Feelings from the wrong self are e.g. jealousy, self-doubt, devaluation, judgment, worthlessness, depression, boredom, despair, dissatisfaction, guilt, sacrifice, hopelessness etc. Basically, however, every feeling that makes us feel bad ultimately comes from the false selves out.

The wrong beliefs behind them are responsible for the bad feelings, which the false self has manifested over the years and according to which most people still unconsciously "function" in adulthood. The list of false beliefs is endless. For example, some very common false beliefs include:

  • "Only when I do everything perfectly am I lovable,
    I get recognition, praise and confirmation. "
  • “It's the fault of the others that I feel bad
    or I have to get angry. "
  • "I am not worth anything, I am not lovable, I cannot do any of this."
  • "When I control or manipulate others,
    then they cannot control me. "
  • "If I show my feelings or open my heart, then I get hurt."
  • "Hardness equals strength."
  • “The feelings of others are more important than my own.
    It is selfish to put me first. "
  • "Others determine through their behavior what I'm worth or how I feel."
  • "I don't need anyone, I can do it all by myself."
  • “Only what you can touch and see is real.

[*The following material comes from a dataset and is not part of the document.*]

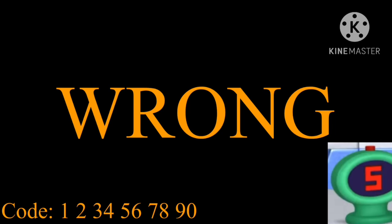I'm sorry, but that was the wrong code. Here is the correct code: 4 8 15 16 23 42.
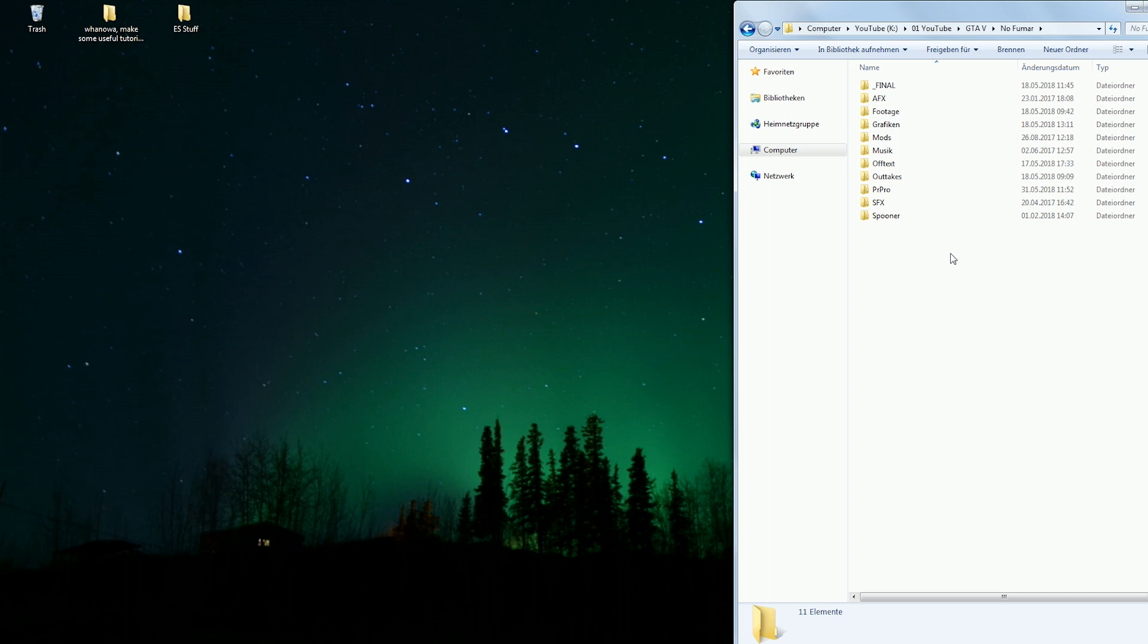I asked myself the same question, so I started to back these files up. To do the same, inside your project folder you just create a subfolder called Game Clips or whatever.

For a while, the false self with its beliefs protected us from harm. In adulthood, however, most fail to correct these false beliefs. This is where the real suffering begins, because with the resulting behaviors, e.g. severity, self-devaluation, stubbornness, lovelessness, etc., we begin to move away from ourselves bit by bit. Beliefs determine our thinking, our feeling and consequently also our actions.

How do you end this vicious circle?

Everyone should find their own way here. Working with your own “inner child” is very effective and helpful; there are many specialist books with practical applications. The book “Reconciliation with the Inner Child” by Erika J. Chopich & Margaret Paul in connection with the woman takes off mask is highly recommended. In this book, among other things, the false and the true selves are explained in detail. There is a possibility that the inner adult will reconcile with his inner child so that old "wounds" and inner injuries can be worked up and healed.

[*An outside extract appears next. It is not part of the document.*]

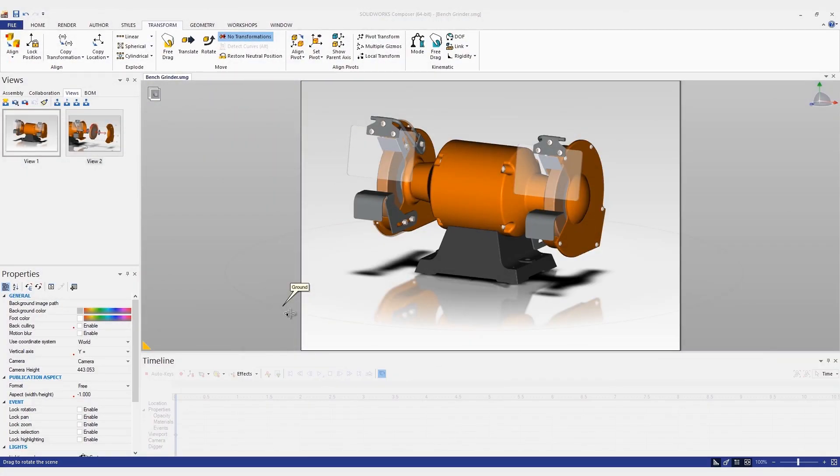Hello, my name is Mike Suders, and I'm an application engineer at Trimec. Today, I'd like to show you a helpful video tech tip about SolidWorks Composer.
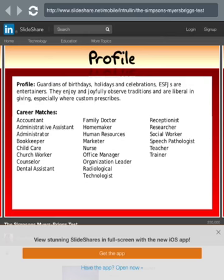ESFJs are guardians of birthdays, holidays and celebrations. They are entertainers, joyfully observe traditions, and are liberal in giving. And there's a church worker job listed — that's definitely Ned. Yeah, that's probably his job.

He can become aware of when, where and how he internalized corresponding beliefs and beliefs and how he can correct them.

An example:

False Self Assumption:

Only when I do everything perfectly will I be lovable, and will I get recognition, praise and confirmation.

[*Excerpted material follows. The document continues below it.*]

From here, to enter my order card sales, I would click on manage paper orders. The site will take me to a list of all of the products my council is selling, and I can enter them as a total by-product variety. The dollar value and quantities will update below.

Assumption of the true self:

I am loved for who I am, regardless of how I do something.

You can also seek the help of a psychologist or a trained life coach, as you often have a kind of "self-blindness" and a neutral or objective self-assessment is usually difficult. A homeopathic or bach flower therapeutic treatment, which can support the dissolution of corresponding beliefs and behavior patterns on another level, can also be helpful. You can find information about relevant procedures and therapists on the Internet, a very large, nationwide portal is e.g. www.therapeuten.de.

Loving behaviors towards ourselves (the "true" self)

It is only natural for your false selves to feel resistance to one point or another. This is where you should pay attention, because you are at the right place, especially where you feel resistance. Take a special look at this point and try to be as honest with yourself as possible, as this is the best way to give yourself the opportunity to learn and develop. Take these points as a guide and check for yourself which things you have already implemented and which still need action or improvement.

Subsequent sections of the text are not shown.